BEAZLEY: Ah, here it is
He picks up the banner
BEAZLEY: Noone minds if I keep this do they? [to RUDD]: Did you want to try and take it?
RUDD [dreamily]: I've often wanted to take up the grand banner; to march across green fields with my field marshal's baton showing the way, knocking Liberal members over the head with it; to scale Parliament's high walls and run up the flag; oh I can see myself now...
BEAZLEY [cutting him off] So you do want to try and take it?

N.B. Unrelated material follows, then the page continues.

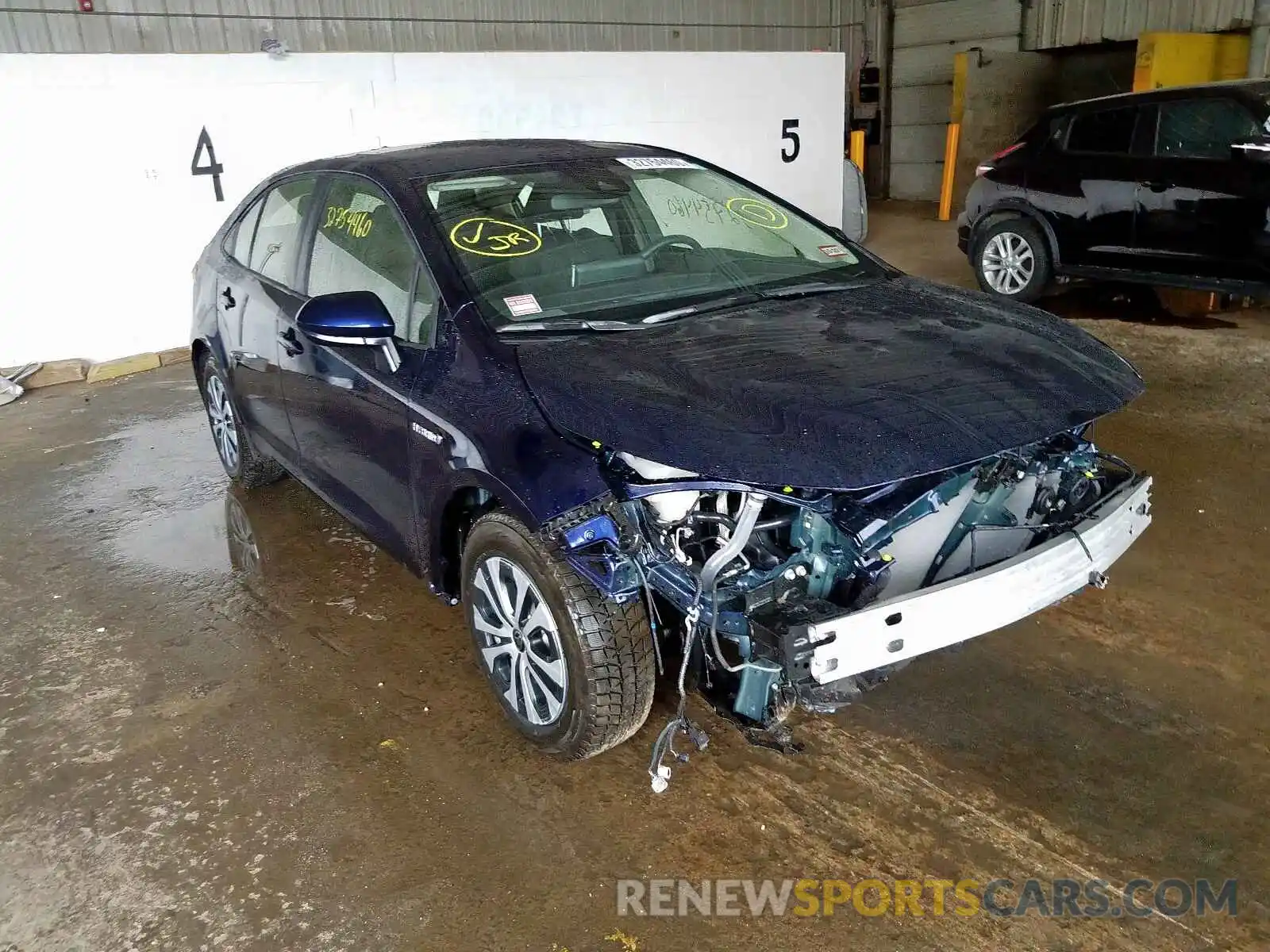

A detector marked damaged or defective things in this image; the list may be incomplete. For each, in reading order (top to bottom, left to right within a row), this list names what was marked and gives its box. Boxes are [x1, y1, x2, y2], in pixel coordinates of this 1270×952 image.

cracked headlight assembly [619, 451, 705, 524]
damaged blue sedan [189, 140, 1149, 787]
crumpled front bumper [803, 476, 1149, 685] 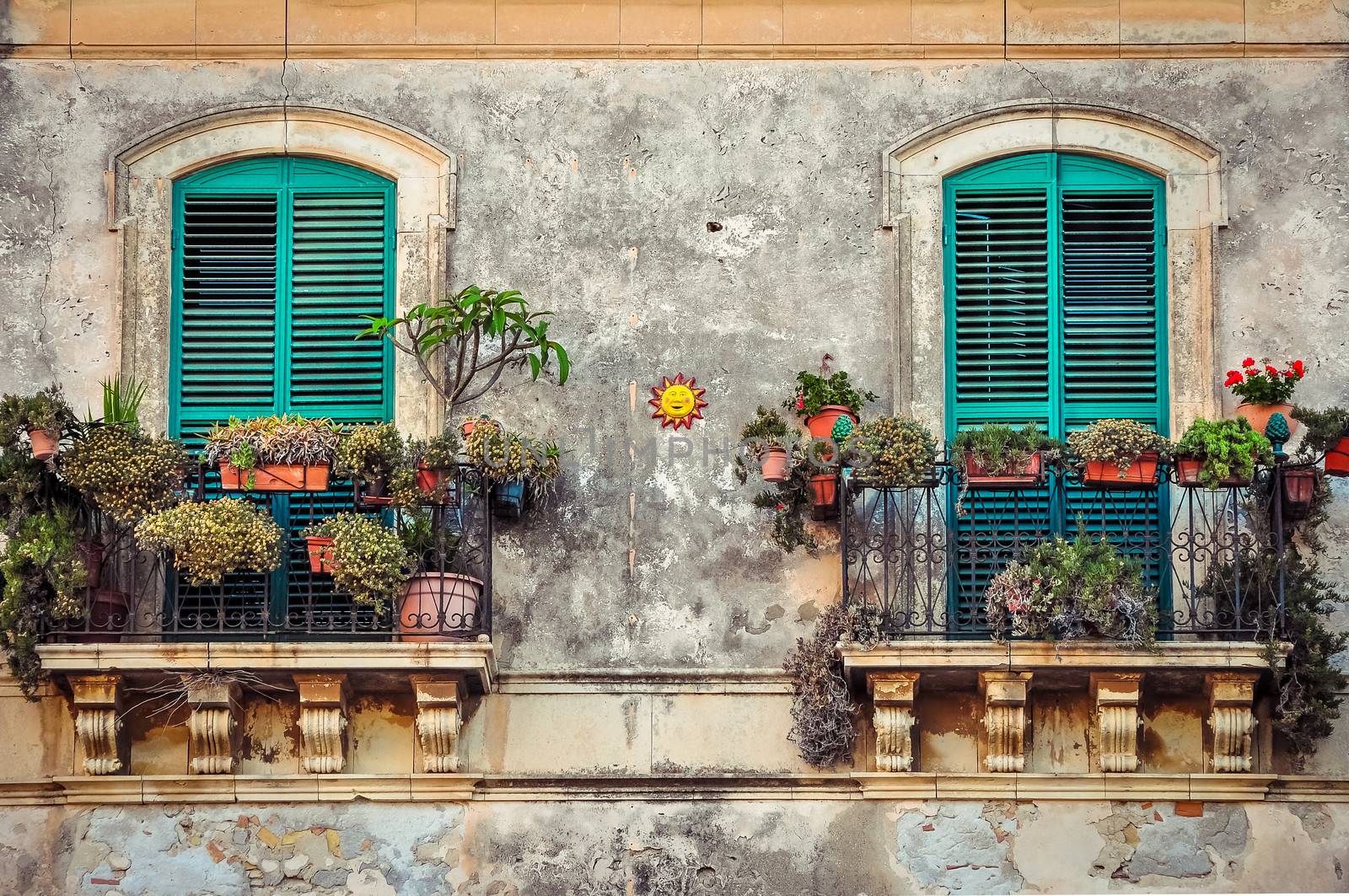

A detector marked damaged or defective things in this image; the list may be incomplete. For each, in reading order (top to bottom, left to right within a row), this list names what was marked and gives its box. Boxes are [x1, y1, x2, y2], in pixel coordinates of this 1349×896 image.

Shaken from his reverie, RUDD looks out to the walls of the castle, then back at the motley bunch standing before BEAZLEY. Eyes narrowing, he deftly positions himself before BEAZLEY, using BEAZLEY's ample girth as shelter from any potential volley from the castle.
RUDD: No. You can keep it [muttering] For now.
BEAZLEY [to GILLARD]: And you?
In response to this, the CAUCUS begins yelling, and making a terrible noise. GILLARD imagines herself transported to the set of the Price of Right, standing before a baying crowd with LARRY EMDUR by her side.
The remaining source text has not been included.